La BCE a fait feu de tout bois face à la crise du Covid-19. Qu’est-ce que cela implique… et surtout, est-ce que cela fonctionne ?
Au mois de mars dernier, presque toutes les limites que s’étaient imposés les gouvernements et les banques centrales ont sauté, comme nous l’avons vu hier.
Au niveau budgétaire, les plans de relance nationaux et le plan de relance européen ont fait exploser le taux l’endettement public de la Zone au-dessus des 100% de son PIB.
Comment la BCE a-t-elle réagi face à une activité économique en chute libre ?

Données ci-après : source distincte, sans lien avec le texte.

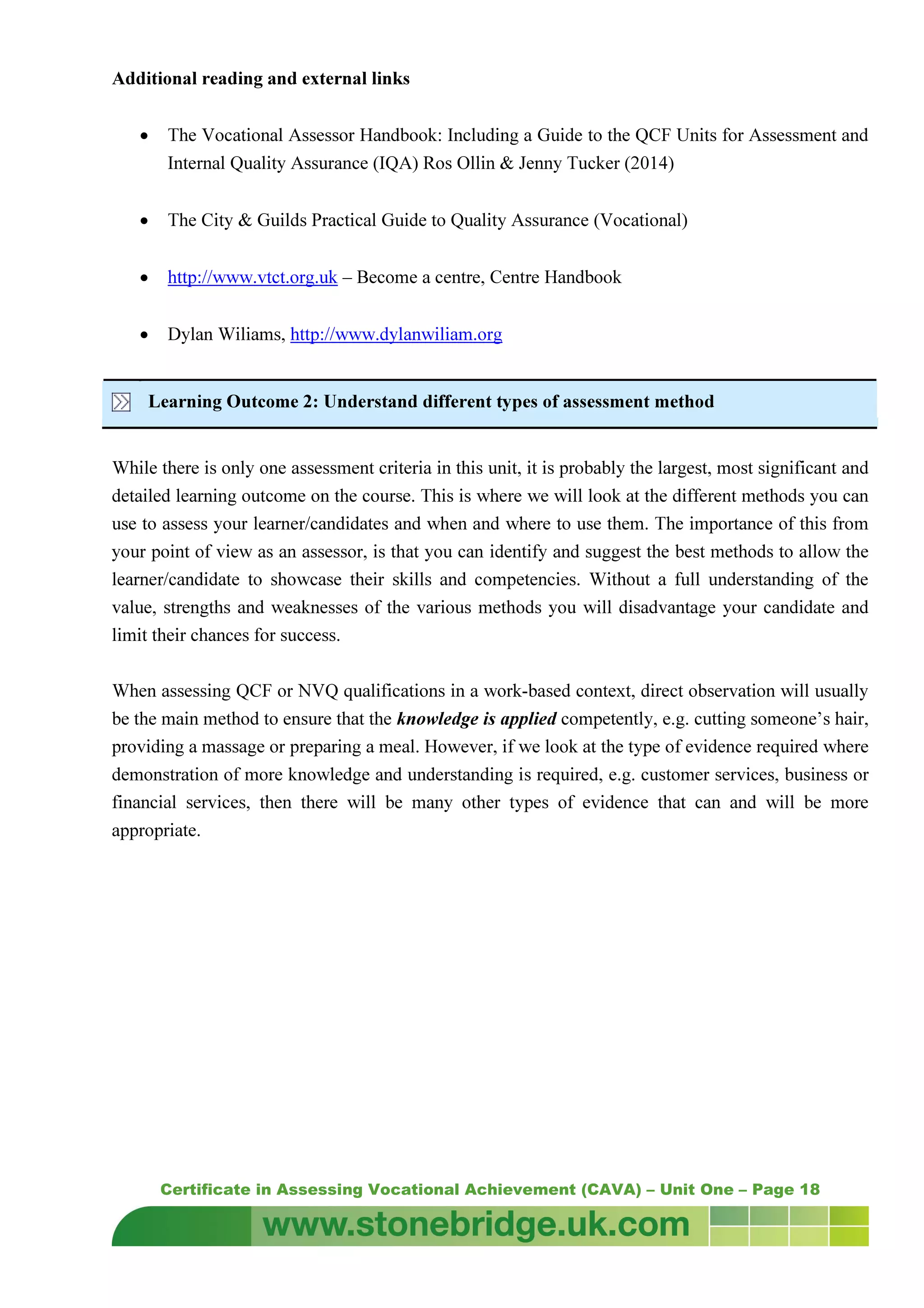 Certificate in Assessing Vocational Achievement (CAVA) – Unit One – Page 18
Additional reading and external links
• The Vocational Assessor Handbook: Including a Guide to the QCF Units for Assessment and
Internal Quality Assurance (IQA) Ros Ollin & Jenny Tucker (2014)
• The City & Guilds Practical Guide to Quality Assurance (Vocational)
• http://www.vtct.org.uk – Become a centre, Centre Handbook
• Dylan Wiliams, http://www.dylanwiliam.org
Learning Outcome 2: Understand different types of assessment method
While there is only one assessment criteria in this unit, it is probably the largest, most significant and
detailed learning outcome on the course. This is where we will look at the different methods you can
use to assess your learner/candidates and when and where to use them. The importance of this from
your point of view as an assessor, is that you can identify and suggest the best methods to allow the
learner/candidate to showcase their skills and competencies. Without a full understanding of the
value, strengths and weaknesses of the various methods you will disadvantage your candidate and
limit their chances for success.
When assessing QCF or NVQ qualifications in a work-based context, direct observation will usually
be the main method to ensure that the knowledge is applied competently, e.g. cutting someone’s hair,
providing a massage or preparing a meal. However, if we look at the type of evidence required where
demonstration of more knowledge and understanding is required, e.g. customer services, business or
financial services, then there will be many other types of evidence that can and will be more
appropriate.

Objectif numéro 1 : ne pas retourner en 2008
Afin de comprendre comment la BCE en est arrivée à prendre des mesures spectaculaires, il faut tout d’abord rappeler une évidence. Du point de vue de Francfort, l’enjeu était avant tout celui-ci :
Pour combattre cette crise exogène, les Etats de la Zone euro avaient à l’époque laissé exploser leurs déficits budgétaires, si bien que les déficits publics des pays périphériques de la zone avaient fini par n’être plus finançables, ce qui avait débouché sur la crise de la Zone euro.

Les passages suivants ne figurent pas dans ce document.